She tried hard to understand, and finally realized Cole was looking down at her desk. The metal flower, from the woods.

She picked it up and looked through the six perfect holes. She felt stupid — hadn’t she seen them in a thousand movies? — but Cole didn’t need to know that. “Souvenir,” she said. “From my last shootout.”

And there was Chad Crosley walking in to ask about his C-minus paper, beet red, hands around his eyes like blinders. He’d been warned.

35

Leland’s apartment in Evanston smelled pleasantly of cigar smoke. The walls were lined with bookshelves, and an inordinate number of small, dim lamps lit the living room. The three of them sat on the floor, around the neat stack of files and the lockbox. It had been two days since the fund-raiser, but this was the first time they’d been able to meet. Doug had said he was going to the Northwestern library, and Miriam had invented a yoga class.

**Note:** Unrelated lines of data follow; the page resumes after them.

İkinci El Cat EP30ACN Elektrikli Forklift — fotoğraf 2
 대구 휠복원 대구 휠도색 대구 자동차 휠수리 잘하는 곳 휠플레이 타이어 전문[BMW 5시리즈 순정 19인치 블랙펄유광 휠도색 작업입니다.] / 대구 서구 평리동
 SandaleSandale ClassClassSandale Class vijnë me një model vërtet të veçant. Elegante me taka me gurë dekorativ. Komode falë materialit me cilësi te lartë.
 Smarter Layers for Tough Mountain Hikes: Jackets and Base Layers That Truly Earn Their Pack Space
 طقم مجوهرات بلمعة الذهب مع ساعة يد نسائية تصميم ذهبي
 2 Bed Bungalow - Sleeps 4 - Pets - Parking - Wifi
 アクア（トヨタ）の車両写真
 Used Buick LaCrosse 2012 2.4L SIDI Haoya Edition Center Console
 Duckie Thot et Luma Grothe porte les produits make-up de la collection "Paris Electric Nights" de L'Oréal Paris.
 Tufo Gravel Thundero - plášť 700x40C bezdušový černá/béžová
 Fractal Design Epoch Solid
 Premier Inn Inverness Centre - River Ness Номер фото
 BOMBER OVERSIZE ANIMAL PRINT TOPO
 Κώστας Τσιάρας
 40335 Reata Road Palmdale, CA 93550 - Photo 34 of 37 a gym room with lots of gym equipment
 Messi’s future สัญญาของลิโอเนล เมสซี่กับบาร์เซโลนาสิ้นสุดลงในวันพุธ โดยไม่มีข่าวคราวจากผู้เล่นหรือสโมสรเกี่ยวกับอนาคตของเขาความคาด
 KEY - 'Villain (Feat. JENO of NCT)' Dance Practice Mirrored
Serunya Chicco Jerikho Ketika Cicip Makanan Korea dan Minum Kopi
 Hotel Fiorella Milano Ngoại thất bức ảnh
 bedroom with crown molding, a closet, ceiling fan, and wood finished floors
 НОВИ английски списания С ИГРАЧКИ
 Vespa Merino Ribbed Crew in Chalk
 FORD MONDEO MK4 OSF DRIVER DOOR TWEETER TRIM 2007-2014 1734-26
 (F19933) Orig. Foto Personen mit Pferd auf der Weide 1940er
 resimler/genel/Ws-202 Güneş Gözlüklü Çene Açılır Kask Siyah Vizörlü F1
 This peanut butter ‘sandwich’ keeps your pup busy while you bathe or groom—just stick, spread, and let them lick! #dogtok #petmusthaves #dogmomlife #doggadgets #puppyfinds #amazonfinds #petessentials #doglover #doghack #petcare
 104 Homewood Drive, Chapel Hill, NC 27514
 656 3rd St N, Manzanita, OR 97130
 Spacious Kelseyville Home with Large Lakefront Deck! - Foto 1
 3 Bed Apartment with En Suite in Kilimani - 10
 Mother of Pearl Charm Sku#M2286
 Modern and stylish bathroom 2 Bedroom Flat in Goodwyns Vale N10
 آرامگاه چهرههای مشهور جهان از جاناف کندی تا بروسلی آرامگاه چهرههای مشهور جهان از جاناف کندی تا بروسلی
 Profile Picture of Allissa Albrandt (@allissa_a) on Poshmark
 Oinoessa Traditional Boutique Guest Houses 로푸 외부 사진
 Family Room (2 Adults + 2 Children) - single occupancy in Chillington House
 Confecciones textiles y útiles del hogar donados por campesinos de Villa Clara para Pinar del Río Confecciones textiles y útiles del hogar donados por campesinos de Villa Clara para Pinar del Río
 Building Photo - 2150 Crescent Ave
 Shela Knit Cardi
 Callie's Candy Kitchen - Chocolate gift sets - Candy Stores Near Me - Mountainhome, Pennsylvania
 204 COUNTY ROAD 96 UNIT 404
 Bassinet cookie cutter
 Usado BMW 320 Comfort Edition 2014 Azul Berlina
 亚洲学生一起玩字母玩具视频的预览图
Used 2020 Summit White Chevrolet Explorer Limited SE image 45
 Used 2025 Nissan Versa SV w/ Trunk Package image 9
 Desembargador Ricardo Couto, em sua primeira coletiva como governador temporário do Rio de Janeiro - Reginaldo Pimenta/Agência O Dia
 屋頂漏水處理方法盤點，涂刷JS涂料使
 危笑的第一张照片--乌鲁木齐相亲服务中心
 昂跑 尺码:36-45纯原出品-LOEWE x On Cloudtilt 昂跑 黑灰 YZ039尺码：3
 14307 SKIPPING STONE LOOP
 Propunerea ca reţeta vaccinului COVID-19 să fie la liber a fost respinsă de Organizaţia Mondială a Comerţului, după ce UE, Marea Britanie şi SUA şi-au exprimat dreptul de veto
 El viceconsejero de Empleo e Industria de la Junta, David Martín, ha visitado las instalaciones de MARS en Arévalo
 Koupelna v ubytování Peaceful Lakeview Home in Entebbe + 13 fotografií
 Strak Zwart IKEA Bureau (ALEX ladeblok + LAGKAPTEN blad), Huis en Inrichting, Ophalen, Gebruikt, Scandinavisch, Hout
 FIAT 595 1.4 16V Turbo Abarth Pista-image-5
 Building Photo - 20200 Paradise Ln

“Did you read the files?” Doug asked.

“I did better.” Leland flicked the lockbox open, and Miriam applauded. “Well, my locksmith buddy did better.”

“What’s in it?” Doug lifted out the stack of papers and envelopes.

“Nothing good, sorry to say. It’s just Gracie’s stuff. We can’t be this lucky with locks and get lucky with the content too. But you have your Parfitt file, right?”

“You really didn’t look? That’s amazing restraint.” Doug ceremoniously opened the file to reveal the photograph: wet bodies, laughter, penises.

“Jesus God,” Leland said. “Is that Parfitt?”

“Not even.”

Miriam had gone bug-eyed, and some old rule flitted through Doug’s mind, something about not being vulgar in front of southern women. But what she finally said was, “You know what’s weird? They don’t even have hard-ons. I mean, it’s not sexy , you know?”

Leland turned it over. “Crap. Did you see this?” He pointed to the spidery handwriting on the back, the single slanted word and question mark: Father? “Someone thinks that’s their father? It can’t be Parfitt’s father, right? The photo quality looks like twenties or thirties, at least.”

As Leland and Miriam passed the photo, Doug flipped through the lockbox papers. The 1954 deed to a car. A 1955 marriage license for George Robert Grant and Grace Saville Devohr. A copy of Gracie’s birth certificate.

“Hey, guys,” he said. “How old did you think Gracie was?”

“Sixty,” said Leland. “Maybe fifty-eight.”

“Sixty-two,” Miriam said. “Bruce is sixty-four, and she’s two years younger.”

“Look.” He put the certificate on the floor. “1925. She’s seventy-four.”

They both squinted at it, with as much voyeuristic glee as they’d ogled the photo.

“So she had Zee when she was forty,” Doug said. “But does Bruce really think she’s younger than him?”

“Maybe that’s why she didn’t want you in the attic,” Leland said.

Miriam said, “That’s why she’s afraid of getting put on the Internet! She doesn’t want anyone doing the math.”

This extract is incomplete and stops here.